EXTRACTED ENTRIES
====

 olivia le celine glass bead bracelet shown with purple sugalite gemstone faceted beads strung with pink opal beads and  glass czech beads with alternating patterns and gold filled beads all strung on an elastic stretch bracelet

====

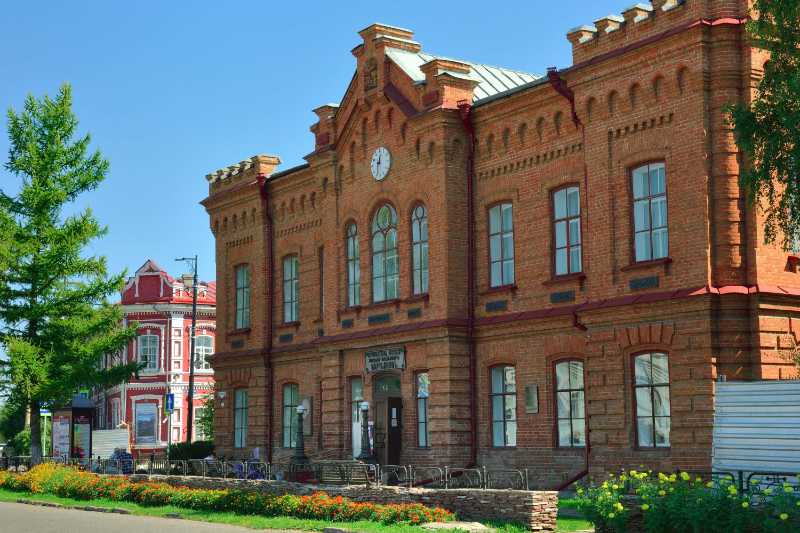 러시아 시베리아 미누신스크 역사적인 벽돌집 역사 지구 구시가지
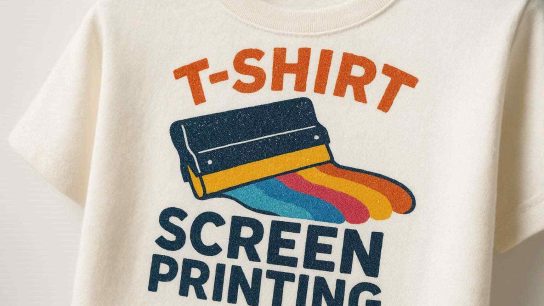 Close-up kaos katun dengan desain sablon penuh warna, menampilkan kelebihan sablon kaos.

====

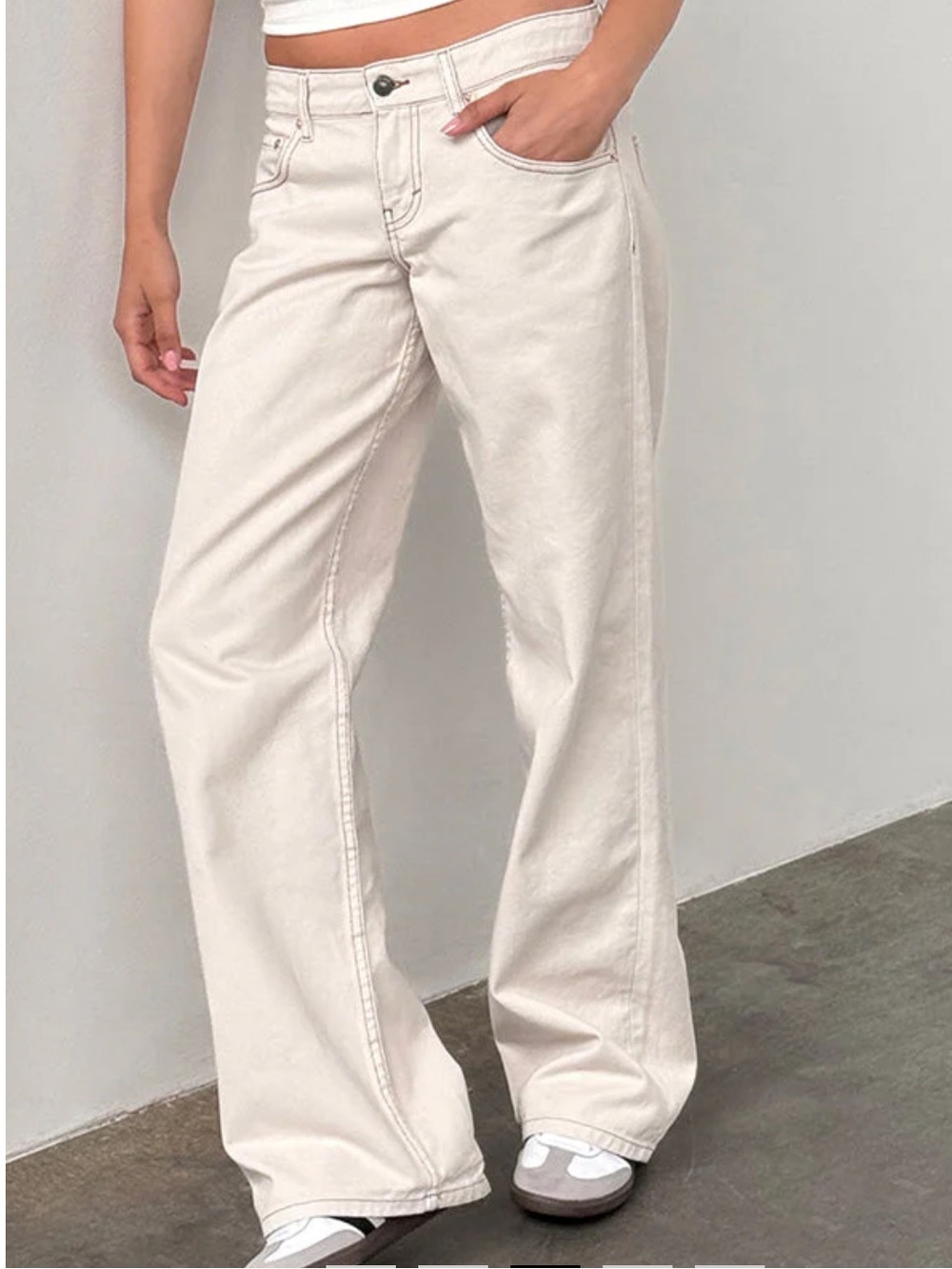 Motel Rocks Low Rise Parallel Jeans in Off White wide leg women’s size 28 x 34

====

TASK TO COMPLETE
Copy only these lines from the records above, exactly: the one with "러시아 시베리아 미누신스크 역사적인 벽돌집 역사 지구 구시가지", the one with "Close-up kaos katun", and those between. Skip the pictures.

EXERCISE ANSWER
 러시아 시베리아 미누신스크 역사적인 벽돌집 역사 지구 구시가지
 Close-up kaos katun dengan desain sablon penuh warna, menampilkan kelebihan sablon kaos.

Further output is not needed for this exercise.